Das haben wir derzeit nicht. Warum sage ich das? Lassen Sie mich auf zwei Probleme hinweisen. Wir werden in den nächsten Jahren sicher Vermögensverzehr haben. Der Verkauf von Vermögen ist noch nicht identisch mit dem Abbau von Verschuldung. Unternehmen, die wir seinerzeit über Kreditaufnahme finanziert haben und die wir jetzt verkaufen, senken zwar im kameralistischen Haushalt die Kreditaufnahme erneut, aber im Prinzip machen wir nur eines, wir schreiben den Kredit fort, den wir einmal aufgenommen haben.
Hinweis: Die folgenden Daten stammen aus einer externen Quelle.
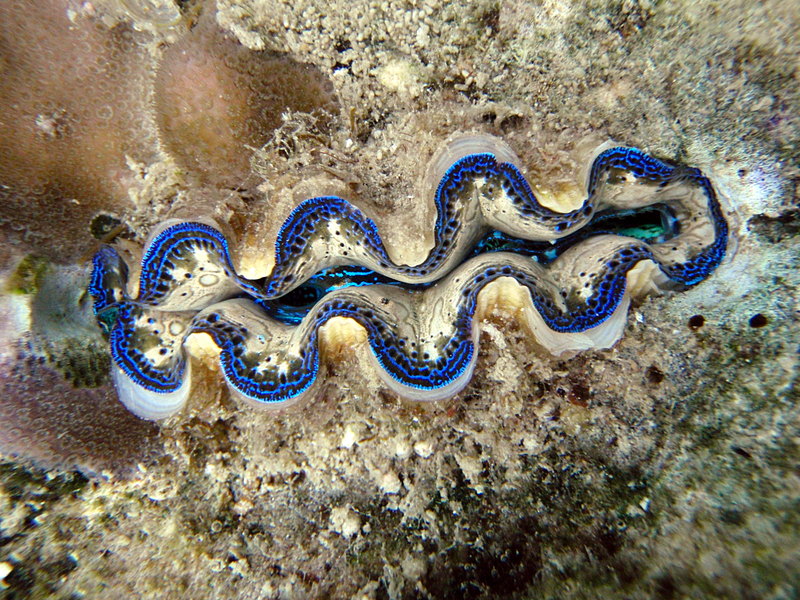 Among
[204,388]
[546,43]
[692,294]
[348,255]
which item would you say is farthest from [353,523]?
[546,43]

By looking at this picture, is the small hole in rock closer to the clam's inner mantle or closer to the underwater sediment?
the underwater sediment

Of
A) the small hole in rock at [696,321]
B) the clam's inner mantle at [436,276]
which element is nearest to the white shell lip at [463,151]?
the clam's inner mantle at [436,276]

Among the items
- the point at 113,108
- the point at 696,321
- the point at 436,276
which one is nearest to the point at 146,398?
the point at 113,108

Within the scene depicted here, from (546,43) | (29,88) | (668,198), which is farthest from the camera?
(668,198)

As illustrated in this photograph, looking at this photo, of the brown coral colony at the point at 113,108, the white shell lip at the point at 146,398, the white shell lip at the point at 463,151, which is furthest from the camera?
the white shell lip at the point at 146,398

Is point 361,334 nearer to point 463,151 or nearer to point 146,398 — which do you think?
point 463,151

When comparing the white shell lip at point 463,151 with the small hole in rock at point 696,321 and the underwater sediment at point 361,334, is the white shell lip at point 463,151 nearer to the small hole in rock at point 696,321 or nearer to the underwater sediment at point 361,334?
the underwater sediment at point 361,334

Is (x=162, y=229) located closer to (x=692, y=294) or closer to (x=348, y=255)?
(x=348, y=255) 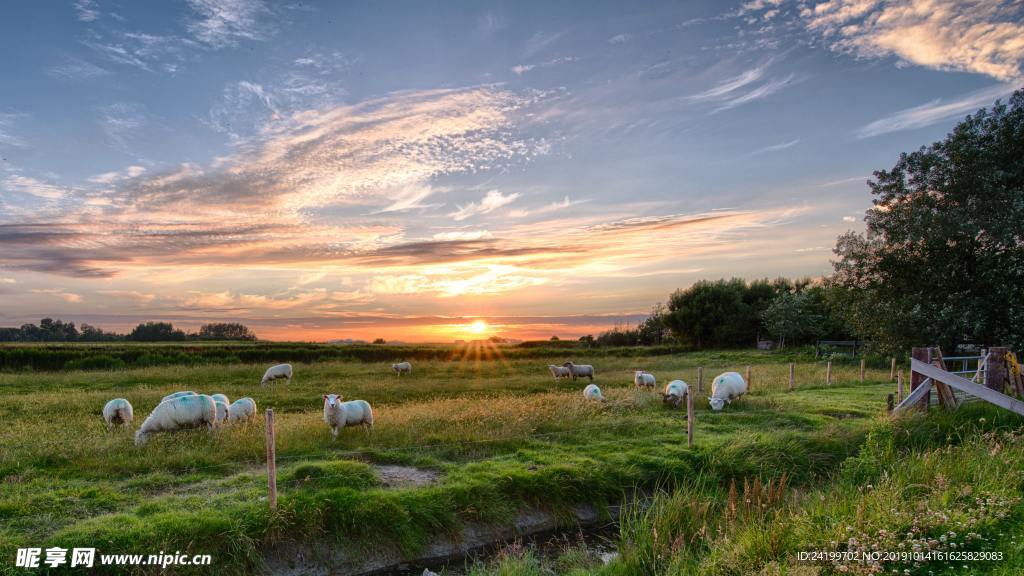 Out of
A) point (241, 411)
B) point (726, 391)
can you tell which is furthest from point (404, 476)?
point (726, 391)

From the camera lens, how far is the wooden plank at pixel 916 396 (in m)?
13.5

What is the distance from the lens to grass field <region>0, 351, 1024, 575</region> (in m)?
7.60

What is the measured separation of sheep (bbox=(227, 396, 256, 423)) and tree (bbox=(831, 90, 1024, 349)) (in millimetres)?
28726

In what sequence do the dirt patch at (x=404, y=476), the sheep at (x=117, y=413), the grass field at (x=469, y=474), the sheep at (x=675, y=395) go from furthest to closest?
the sheep at (x=675, y=395) < the sheep at (x=117, y=413) < the dirt patch at (x=404, y=476) < the grass field at (x=469, y=474)

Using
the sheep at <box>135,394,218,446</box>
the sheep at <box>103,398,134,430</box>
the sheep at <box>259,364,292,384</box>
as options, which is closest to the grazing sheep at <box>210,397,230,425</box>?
the sheep at <box>135,394,218,446</box>

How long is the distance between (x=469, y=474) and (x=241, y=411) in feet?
32.2

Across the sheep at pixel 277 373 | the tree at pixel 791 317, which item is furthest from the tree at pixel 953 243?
the sheep at pixel 277 373

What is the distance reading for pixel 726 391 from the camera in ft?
60.5

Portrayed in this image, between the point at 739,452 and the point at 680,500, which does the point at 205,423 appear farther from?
the point at 739,452

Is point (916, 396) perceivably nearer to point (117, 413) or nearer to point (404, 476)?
point (404, 476)

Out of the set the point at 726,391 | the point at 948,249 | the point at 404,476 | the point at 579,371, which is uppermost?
the point at 948,249

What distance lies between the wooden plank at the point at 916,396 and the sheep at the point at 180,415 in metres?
17.1

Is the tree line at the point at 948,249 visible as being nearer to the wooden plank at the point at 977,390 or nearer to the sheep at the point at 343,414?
the wooden plank at the point at 977,390

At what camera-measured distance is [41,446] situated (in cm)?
1158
Er erscheint nur in neuer Verpackung – nichts anderes. Ich glaube, da haben wir ein Problem, auch deswegen, weil eine Reihe von Rechnungshöfen inzwischen die Auffassung vertreten, dass das nach altem Haushaltsrecht nicht zulässig ist, sondern dass bei der Veräußerung von kreditär finanziertem Vermögen grundsätzlich die Kredite zu tilgen sind. Das ist eine interessante Auffassung und das sage ich auch deshalb, weil es nahezu alle Bundesländer

handlungsunfähig machen würde, wenn sie dieser Auffassung folgen würden. Insofern bewegen wir uns da in einem jedenfalls für Haushaltspolitiker und Finanzpolitiker relativ interessanten Bereich.